妻の発病と死 それでも書き続ける|山形新聞

 

暗い闇は、僕にとってリアルなものを呼びおこす。普段生きている世界は、嘘の明るさや欺瞞でカスカスだ。そこで自分も乾燥していく。乾燥が加速していく。自分には生きることの闇を感じられる接点がもっと必要なのだろうと思う。水を汲み上げられる井戸がいる。

 

藤田和日郎の『邪眼は月輪に飛ぶ』を紹介されている記事があって読んでみた。

 

mangadake.hatenablog.jp

 

僕は『うしおととら』も好きだったけれど、うしおなり登場人物なりのこれが「人間の素晴らしさ」「あったかさ」みたいな表現は固定的でむしろ抑圧的にすら感じる。

 

どんな凄惨な事件がおこったとしても、うしおたちの周辺は敵にまわらない限り死なないという安定がある。それは天皇制みたいなもので、それぞれの地域でどんなことがおこっていても天皇の日常が安定していれば、あたかも国全体としては安定している、滞りないというような錯覚をもたらす隠蔽の構造でもあるなと思う。

そういうところはお約束なのだと思ってスルーして読んでいるが、そういう部分があってなお「うしおととら」が読めたのはそれを凌駕する闇の深さが一方で描かれているからだと思う。
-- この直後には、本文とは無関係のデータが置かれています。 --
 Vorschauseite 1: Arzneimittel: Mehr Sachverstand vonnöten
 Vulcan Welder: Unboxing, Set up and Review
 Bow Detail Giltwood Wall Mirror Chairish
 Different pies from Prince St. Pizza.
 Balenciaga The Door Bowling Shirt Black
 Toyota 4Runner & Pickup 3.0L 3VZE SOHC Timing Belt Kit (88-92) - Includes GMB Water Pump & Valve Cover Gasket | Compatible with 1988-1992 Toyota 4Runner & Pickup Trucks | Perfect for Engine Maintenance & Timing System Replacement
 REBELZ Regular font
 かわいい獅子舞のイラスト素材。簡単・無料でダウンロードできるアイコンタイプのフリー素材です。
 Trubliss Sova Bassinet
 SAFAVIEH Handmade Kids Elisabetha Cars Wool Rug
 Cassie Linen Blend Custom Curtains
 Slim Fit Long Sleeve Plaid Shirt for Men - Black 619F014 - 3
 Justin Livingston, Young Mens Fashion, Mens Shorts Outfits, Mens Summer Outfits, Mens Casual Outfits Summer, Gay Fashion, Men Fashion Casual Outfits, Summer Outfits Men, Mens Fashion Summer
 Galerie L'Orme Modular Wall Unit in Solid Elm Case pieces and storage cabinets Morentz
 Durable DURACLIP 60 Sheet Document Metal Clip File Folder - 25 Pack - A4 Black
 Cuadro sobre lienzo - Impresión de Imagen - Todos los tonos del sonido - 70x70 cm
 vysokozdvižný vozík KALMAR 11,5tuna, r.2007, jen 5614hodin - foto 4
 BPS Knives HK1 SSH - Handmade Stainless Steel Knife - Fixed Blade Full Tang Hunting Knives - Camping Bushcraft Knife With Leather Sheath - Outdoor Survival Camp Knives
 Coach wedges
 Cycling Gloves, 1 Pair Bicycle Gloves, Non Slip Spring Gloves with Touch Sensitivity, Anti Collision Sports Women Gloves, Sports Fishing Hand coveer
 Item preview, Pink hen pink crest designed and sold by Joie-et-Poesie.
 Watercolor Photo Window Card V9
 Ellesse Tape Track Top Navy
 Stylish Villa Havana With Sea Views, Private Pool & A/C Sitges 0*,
妖怪に晒されている人たちは容赦無く蹂躙され、虫のように殺されてしまう。解放された純粋な狂気。そういうものの存在が、自分と自分のうちのリアルをつないでいる。

 

邪眼は月輪に飛ぶ』においても妻を犠牲にするまでの執念をもつ傲岸な男が娘には弱くて言うこときくみたいなお約束の可愛げをだす設定とか、対立する組織に所属する同士に生まれる友情みたいなのはどうでもよかったのだけれど、見るだけで人を殺すフクロウが東京をとび、街が壊滅するシーンは神話的な水準を感じるほど凄かった。

 

災厄それ自体が飛び、生きるもの、出来上がったものがなすすべもなく破壊されていく。そしてそれが静かに感じられた。車が衝突し、街のあちこちに爆発がおこっていても、まるで音もないかのように感じられた。世界が静けさに呑まれていく。

 

終末のリアリティ。それが自分にとってリアルなものだ。ところがそのリアリティのなかにいれない。どうでもいい、自分を乾燥させていく別のリアリティに囲まれていて、自分もそれを錯覚し生きている。この世界にありながら、終末のリアリティのなかにあることにどのようにして近づけるのかなと思う。